Fear, uncertainty, and doubt, or “FUD” in crypto parlance, are powerful emotions that can cause a run on a bank, or, in the case of the beleaguered crypto exchange, Bitfinex, a run on exchange deposits. The weekend has passed since last Thursday evening’s shockwave that iFinex, Bitfinex, and Tether might have been engaged in an alleged cover up of an $850 million fraud. Crypto values have stabilized, calmer minds have prevailed, and the management team, alleged to have been behind this commingling of funds debacle, have responded forcefully to the NY Attorney General’s accusations.
In case you have been on vacation without wifi or have been hanging out under a rock to pass the time away, the New York Attorney General, Letitia James, “revealed that Bitfinex purportedly sent $850 million to a Panama-based company, failed to secure the funds later, and went on to raid almost $1 billion of Tether’s cash reserves to satisfy its customers.” Cash reserves of a stablecoin venture are supposed to be sacrosanct, a fiduciary line that is never to be crossed by a management team for whatever reason.
The unregulated nature of the crypto industry, especially when an exchange is licensed out of the British Virgin Islands, can easily create situations where enormous piles of cash can be a tempting “siren” for temporary dalliances, if you will. There have been simmering suspicions that Bitfinex had been dipping into the cash reserves of Tether, but until now, there had been no hard evidence to support these speculations. Whether there now exists “hard evidence” is open for debate, but the damage has been done.
In the meantime, the executives at iFinex, the owner and operator of both Bitfinex and Tether, have published their response:
The New York Attorney General’s court filings were written in bad faith and are riddled with false assertions, including, as to a purported $850 million “loss” at Crypto Capital. On the contrary, we have been informed that these Crypto Capital amounts are not lost but have been, in fact, seized and safeguarded. We are and have been actively working to exercise our rights and remedies and get those funds released. Sadly, the New York Attorney General’s office seems to be intent on undermining those efforts to the detriment of our customers.

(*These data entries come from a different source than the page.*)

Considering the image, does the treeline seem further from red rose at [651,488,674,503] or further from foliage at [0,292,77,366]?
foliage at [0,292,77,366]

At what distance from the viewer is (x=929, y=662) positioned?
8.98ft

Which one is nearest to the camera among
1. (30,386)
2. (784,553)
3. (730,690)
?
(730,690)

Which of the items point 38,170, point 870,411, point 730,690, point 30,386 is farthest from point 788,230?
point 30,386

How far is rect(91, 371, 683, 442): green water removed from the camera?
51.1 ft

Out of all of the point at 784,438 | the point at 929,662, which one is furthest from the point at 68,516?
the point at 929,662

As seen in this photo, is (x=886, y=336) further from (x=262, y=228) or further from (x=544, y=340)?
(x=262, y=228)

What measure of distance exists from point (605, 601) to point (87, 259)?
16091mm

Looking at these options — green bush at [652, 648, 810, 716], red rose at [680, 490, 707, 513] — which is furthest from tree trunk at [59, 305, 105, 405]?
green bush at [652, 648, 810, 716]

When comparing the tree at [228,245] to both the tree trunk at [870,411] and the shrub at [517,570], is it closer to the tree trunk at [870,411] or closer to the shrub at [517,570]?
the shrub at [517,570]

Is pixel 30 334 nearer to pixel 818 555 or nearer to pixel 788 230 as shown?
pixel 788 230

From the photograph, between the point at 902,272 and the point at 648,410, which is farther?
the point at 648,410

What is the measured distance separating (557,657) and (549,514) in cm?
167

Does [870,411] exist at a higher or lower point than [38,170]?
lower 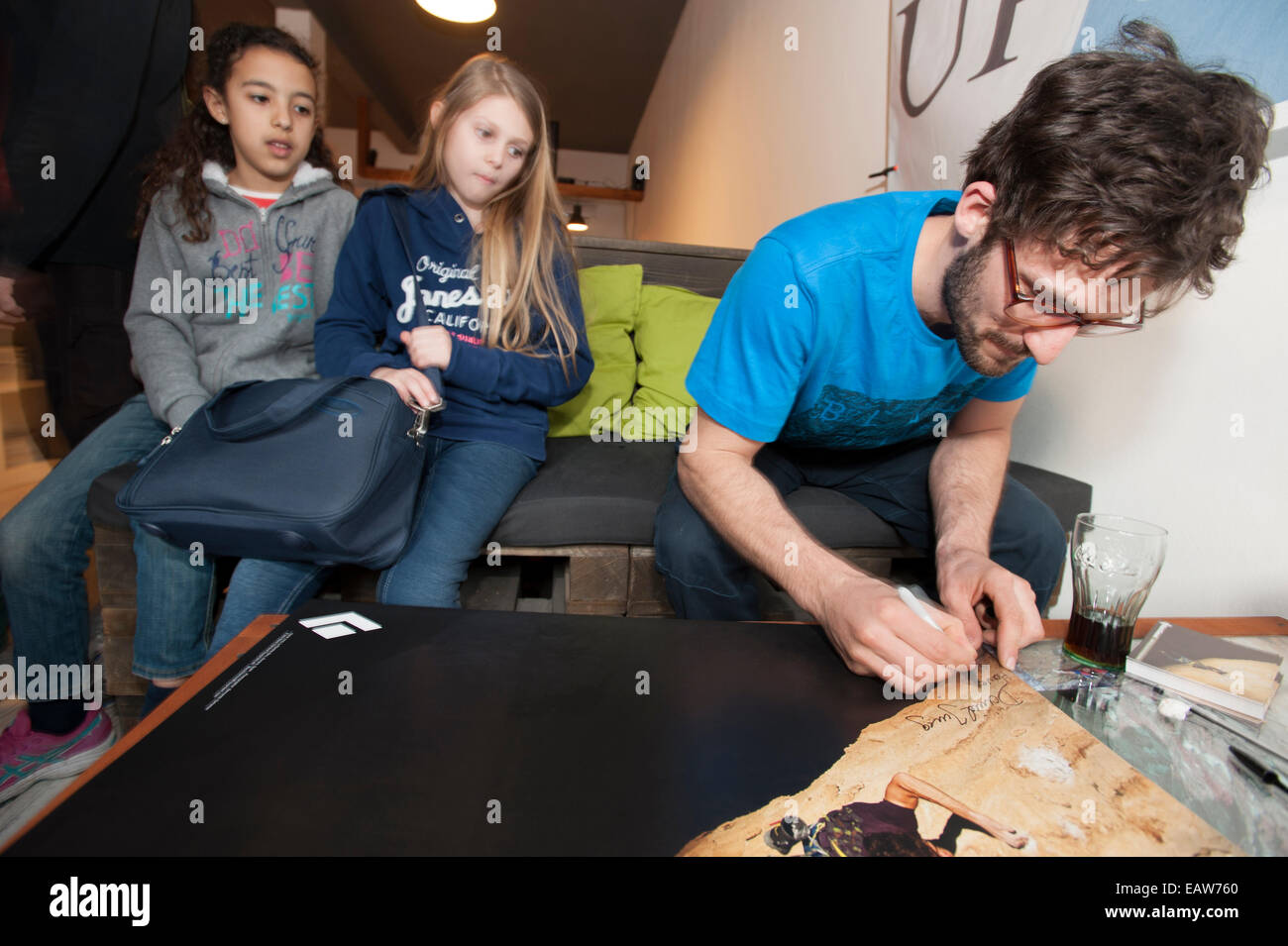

While the crypto industry may be taking the latest “black swan” in stride, clients of Bitfinex are betwixt and between. Per one source in the know: “Users of Bitfinex rushed to withdraw their assets, resulting in a mass exodus of a purported $100 million worth of BTC and Ethereum from exchange-owned wallets.” It is not unusual for rats to desert a sinking ship, but after the initial wave of withdrawals and transfers, depositors are now more or less on high alert, just waiting to act, but in order to do so, Bitfinex spreads have widened to such an extent that a BTC $350 premium is the cost.
Yes, Bitcoin is trading on Bitfinex around $5,500, while other exchanges quote roughly $5,150 as the current market bid price. If you wish to move your USDT or other altcoin from Bifinex, you will have to pay the piper. Why the difference and why don’t speculators rush into this obvious arbitrage opportunity? According to one opinion:
This premium has been chalked up to three factors: Bitfinex users’ fears that Tether is going to collapse, Bitfinex users’ propensity to withdraw their assets, and the value of USDT (Bitfinex’s USD pairs are denominated in USDT).
This pattern, however, is not something new. It has been seen before. Jeff Garzik, the co-founder of Bloq Inc., explains:
It’s exit buying. To get out of an exchange, one must buy “hardcurrency” – BTC – when fiat withdrawal methods start failing. The BTC price is therefore higher at dying exchanges. We’ve seen this data pattern many times in past crypto history, including but not limited to MtGox.
There is a silver lining in this “Bitfinex” cloud over Crypto-Land. Critics were quick to pounce and shout that Bitcoin would surely drop below $4,000, as they had proclaimed from on high months ago… but it did not happen. The crypto industry, though shaken, demonstrated remarkable resilience. Investors did not exit stage left. The savvy ones understand how markets truly work. Fundamentals are strong at the moment, and, knowing this fact, they are not about to abandon ship, as other rats might be prone to do.